On the set of “GLOW”

Ali Goldstein/Netflix

Another challenge: they couldn’t actually pack up and go to Vegas. “We still wanted to figure out how to have a season with some exterior life,” Flahive said. “Besides having to build a lot more sets than we’ve ever built on our show, building a casino, building a showroom, the scale of the show was very different this season.”

They only found two hotels in the Los Angeles area that fit the bill. Eventually, they settled on a hotel by the Ontario airport (“We called that our version of Vegas,” Mensch joked. “It felt like it was a trek. You were in the desert. Everyone complained on the ride there.”) that gave them a surprising amount of artistic freedom.

“They let fully take over their facade and build a neon marquee and redress their lobby and leave our set dressing up and use their kitchen, use the bowels of the hotel, which we really felt like we also wanted to see so you really felt like these girls were sort of like traipsing through the hotel, like a bunch of overgrown Eloises,” Flahive said.

Despite a (literal) need for more neon, the third season of “GLOW” isn’t all rhinestones and good times. Over the course of a few months in Vegas, the GLOW gals continue to grow and change, often spurred on by tough events (this is, after all, a season that opens with the Challenger disaster). The change of venue allowed Mensch, Flahive, and the rest of their writers to explore the inner lives of some of their supporting characters.

“The delicate, magical balance of our show in general is [that] there’s a larger story that we’re always honoring, and a lot of times who we dip into is kind of related to who is tying into that larger story most urgently,” Mensch said. “With Vegas, a lot of our initial questions were, who’s going to change the most Vegas? Who will be the most uncomfortable here? Who will be kind of out of their comfort zone in a way they wouldn’t be in L.A.?”

Flahive added, “If you’re gonna go to the trouble of taking everybody to a new place and building new worlds, you really want to let it hit those characters.”

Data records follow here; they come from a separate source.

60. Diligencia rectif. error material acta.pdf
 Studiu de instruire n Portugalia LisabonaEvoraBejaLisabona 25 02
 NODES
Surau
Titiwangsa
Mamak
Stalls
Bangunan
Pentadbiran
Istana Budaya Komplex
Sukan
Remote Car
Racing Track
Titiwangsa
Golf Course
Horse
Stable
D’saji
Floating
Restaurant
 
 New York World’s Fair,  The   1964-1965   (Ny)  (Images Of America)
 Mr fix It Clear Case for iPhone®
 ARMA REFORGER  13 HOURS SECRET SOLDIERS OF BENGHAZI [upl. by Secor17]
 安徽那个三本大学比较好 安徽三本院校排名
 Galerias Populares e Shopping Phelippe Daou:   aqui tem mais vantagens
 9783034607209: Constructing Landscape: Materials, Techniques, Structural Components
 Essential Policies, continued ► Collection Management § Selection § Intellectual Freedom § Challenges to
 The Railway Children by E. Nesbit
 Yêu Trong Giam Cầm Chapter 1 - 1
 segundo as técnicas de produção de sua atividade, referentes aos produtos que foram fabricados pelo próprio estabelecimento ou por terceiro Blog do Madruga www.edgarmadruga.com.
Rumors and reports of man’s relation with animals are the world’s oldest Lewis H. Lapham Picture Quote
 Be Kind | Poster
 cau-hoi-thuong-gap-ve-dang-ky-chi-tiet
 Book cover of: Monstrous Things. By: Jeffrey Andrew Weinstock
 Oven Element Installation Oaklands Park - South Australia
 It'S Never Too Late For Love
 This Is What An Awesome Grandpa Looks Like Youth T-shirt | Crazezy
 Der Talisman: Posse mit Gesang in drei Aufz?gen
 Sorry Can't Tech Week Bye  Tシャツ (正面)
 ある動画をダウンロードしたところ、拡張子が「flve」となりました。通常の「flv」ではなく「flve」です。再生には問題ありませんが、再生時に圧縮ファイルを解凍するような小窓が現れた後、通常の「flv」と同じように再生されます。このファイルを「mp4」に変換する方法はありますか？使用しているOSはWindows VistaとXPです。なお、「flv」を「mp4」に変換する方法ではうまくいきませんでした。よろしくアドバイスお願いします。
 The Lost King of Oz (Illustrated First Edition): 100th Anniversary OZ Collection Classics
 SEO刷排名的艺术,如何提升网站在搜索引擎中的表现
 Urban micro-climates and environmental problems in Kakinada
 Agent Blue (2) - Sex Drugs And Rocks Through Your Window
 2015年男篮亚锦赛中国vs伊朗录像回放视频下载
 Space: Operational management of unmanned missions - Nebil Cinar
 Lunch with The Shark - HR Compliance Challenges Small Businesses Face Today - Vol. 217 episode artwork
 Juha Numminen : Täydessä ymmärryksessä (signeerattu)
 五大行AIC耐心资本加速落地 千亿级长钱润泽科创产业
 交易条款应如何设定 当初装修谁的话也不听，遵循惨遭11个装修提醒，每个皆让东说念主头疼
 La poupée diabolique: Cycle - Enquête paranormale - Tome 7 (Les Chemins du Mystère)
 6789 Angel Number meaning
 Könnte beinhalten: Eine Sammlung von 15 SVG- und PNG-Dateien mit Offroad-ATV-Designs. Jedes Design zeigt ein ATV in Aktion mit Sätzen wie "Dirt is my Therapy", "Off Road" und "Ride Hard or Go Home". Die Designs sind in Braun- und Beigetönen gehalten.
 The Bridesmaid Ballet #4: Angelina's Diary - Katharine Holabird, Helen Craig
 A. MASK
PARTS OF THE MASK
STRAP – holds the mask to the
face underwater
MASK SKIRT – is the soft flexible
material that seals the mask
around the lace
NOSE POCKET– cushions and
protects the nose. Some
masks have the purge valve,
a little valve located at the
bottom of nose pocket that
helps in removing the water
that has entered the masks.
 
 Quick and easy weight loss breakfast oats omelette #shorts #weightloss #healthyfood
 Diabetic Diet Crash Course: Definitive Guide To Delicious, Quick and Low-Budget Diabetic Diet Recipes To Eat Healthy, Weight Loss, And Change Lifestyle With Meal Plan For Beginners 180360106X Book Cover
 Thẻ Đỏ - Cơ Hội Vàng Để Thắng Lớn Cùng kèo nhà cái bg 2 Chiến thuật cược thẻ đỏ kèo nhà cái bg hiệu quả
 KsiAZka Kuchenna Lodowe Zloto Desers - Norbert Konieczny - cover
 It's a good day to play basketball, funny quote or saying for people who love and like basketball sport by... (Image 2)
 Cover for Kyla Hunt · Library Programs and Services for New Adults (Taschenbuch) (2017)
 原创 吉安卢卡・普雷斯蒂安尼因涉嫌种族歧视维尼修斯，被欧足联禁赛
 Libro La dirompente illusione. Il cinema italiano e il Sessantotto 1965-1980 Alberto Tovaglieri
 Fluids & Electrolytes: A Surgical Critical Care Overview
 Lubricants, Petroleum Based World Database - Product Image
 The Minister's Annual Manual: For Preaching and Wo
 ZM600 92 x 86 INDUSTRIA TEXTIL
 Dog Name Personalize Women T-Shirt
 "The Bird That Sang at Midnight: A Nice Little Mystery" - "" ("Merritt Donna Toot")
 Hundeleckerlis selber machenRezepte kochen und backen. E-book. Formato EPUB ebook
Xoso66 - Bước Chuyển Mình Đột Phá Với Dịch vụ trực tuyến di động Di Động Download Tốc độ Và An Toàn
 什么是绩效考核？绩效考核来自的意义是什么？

"GLOW" Betty Gilpin and Alison Brie

Betty Gilpin and Alison Brie in “GLOW”

Ali Goldstein/Netflix

While leading ladies like Ruth (Alison Brie) and Debbie (Betty Gilpin) continue to shine, the spotlight is also turned on fan favorites like Carmen (Britney Young), Bash (Chris Lowell), and Sheila (Gayle Rankin). Mensch also pointed to Jackie Tohn’s Melrose as a prime example of the expectations they hoped to upend, as this season pushes the good-time former chauffeur into new places, including an unexpected romance.

“Before you see our season, your assumption is, the party girl is going to be a pig in shit in Vegas,” she said. “We obviously did not go in that direction, but it felt like a fun kind of expectations reverse and also an opportunity to kind of hit her in ways that, you know, maybe she’d been on autopilot in L.A. in a certain way.”

Being on autopilot isn’t “GLOW” style anyway, but at the conclusion of another expectation-upending season, Flahive and Mensch couldn’t resist tradition: a cliffhanger with big implications for the future of all the show’s beloved characters. Asked what audiences should expect from a Season 4, should the series get a greenlight from Netflix, the duo demurred, while still hinting that the core DNA of their show will never change.

“I will say, more wrestling,” Flahive said with a laugh. Mensch added, “More wrestling. And I will just say, I think we left Ruth in a place where she’s got a road back to Debbie and to wrestling that is at least not [totally] clear based on how we ended it, but that we’re excited to dig into.”

“GLOW” Season 3 is streaming now on Netflix.